(Records excerpted from a collection)

--

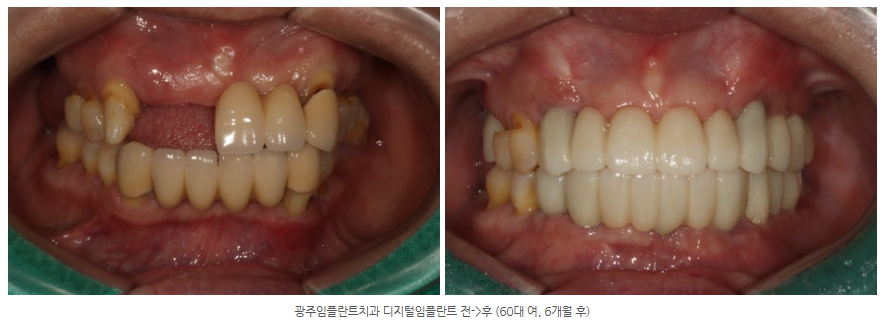 광주 수완지구 임플란트 잘하는 병원을 찾는다면?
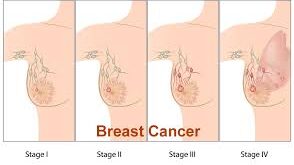 Breast Cancer Alert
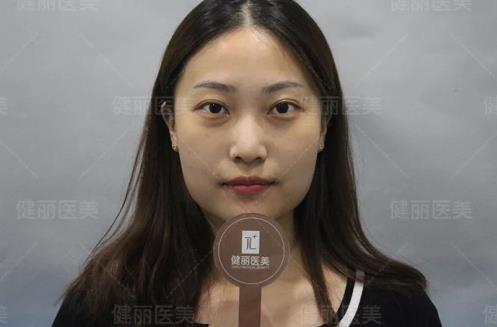早睡、按摩、冰敷都不管用?健麗醫(yī)美幫你輕松去眼袋!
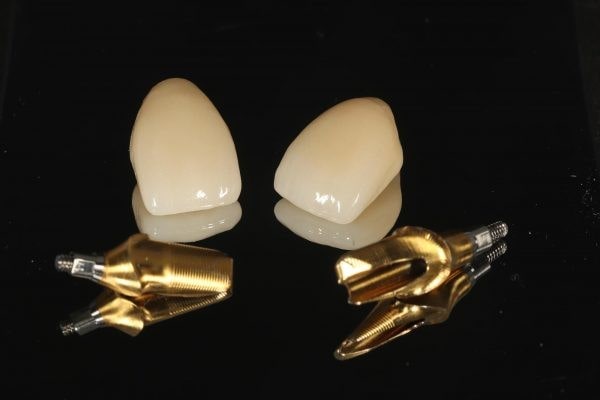 روکش ایمپلنت چسبی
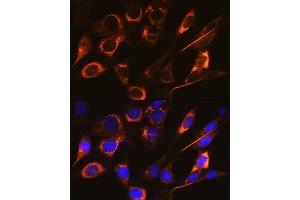 Immunofluorescence analysis of NIH-3T3 cells using SFRP4 Rabbit mAb (ABIN7270180) at dilution of 1:100 (40x lens). (SFRP4 Antikörper)
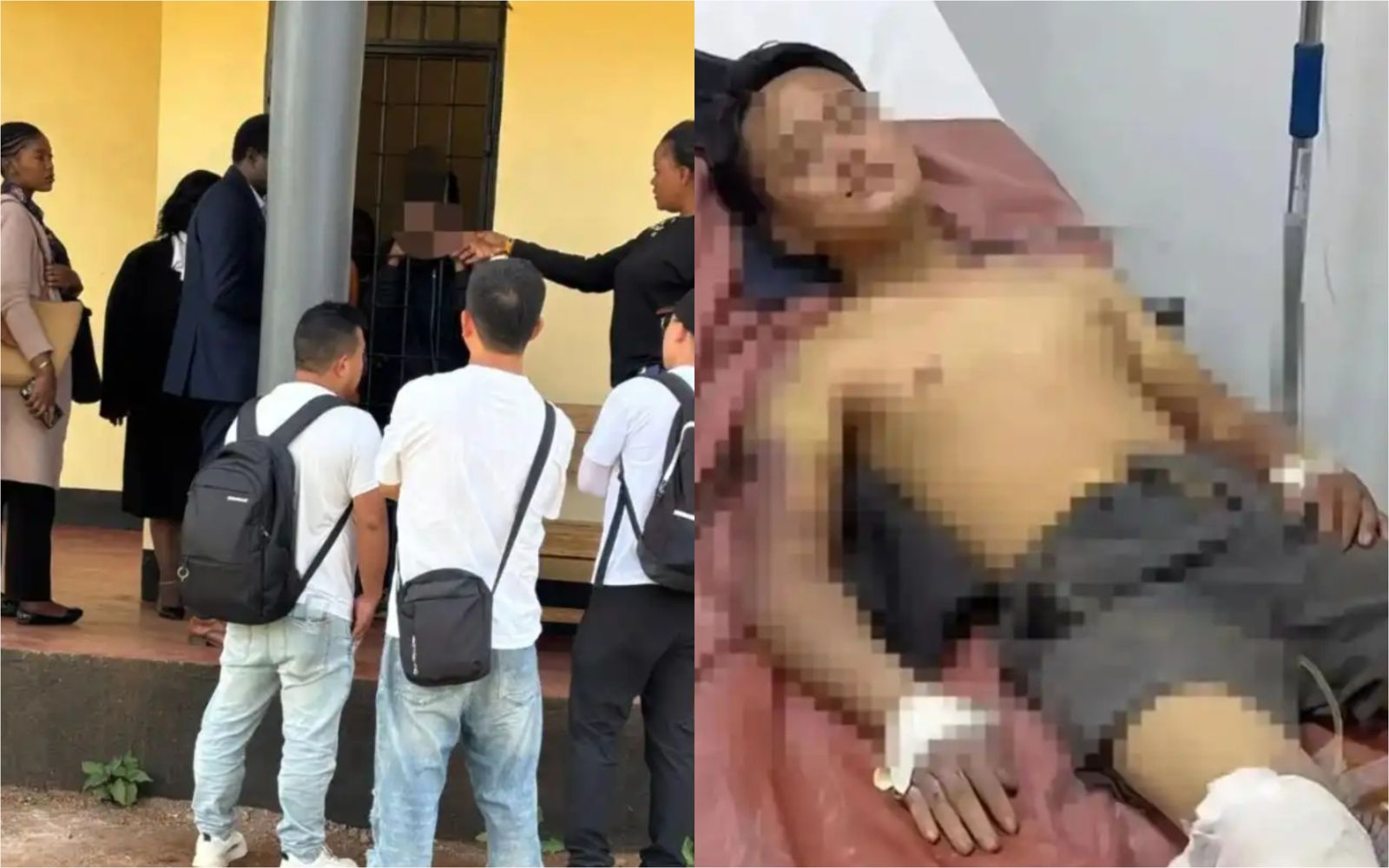 非洲拍片變惡夢！網紅談合作竟遭綁架電擊「打斷雙腿」　凶手超離譜下場曝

--

■ Exercise requirements
Each record above must be retyped exactly. Omit the pictures.

■ Result
 광주 수완지구 임플란트 잘하는 병원을 찾는다면?
 Breast Cancer Alert
早睡、按摩、冰敷都不管用?健麗醫(yī)美幫你輕松去眼袋!
 روکش ایمپلنت چسبی
 Immunofluorescence analysis of NIH-3T3 cells using SFRP4 Rabbit mAb (ABIN7270180) at dilution of 1:100 (40x lens). (SFRP4 Antikörper)
 非洲拍片變惡夢！網紅談合作竟遭綁架電擊「打斷雙腿」　凶手超離譜下場曝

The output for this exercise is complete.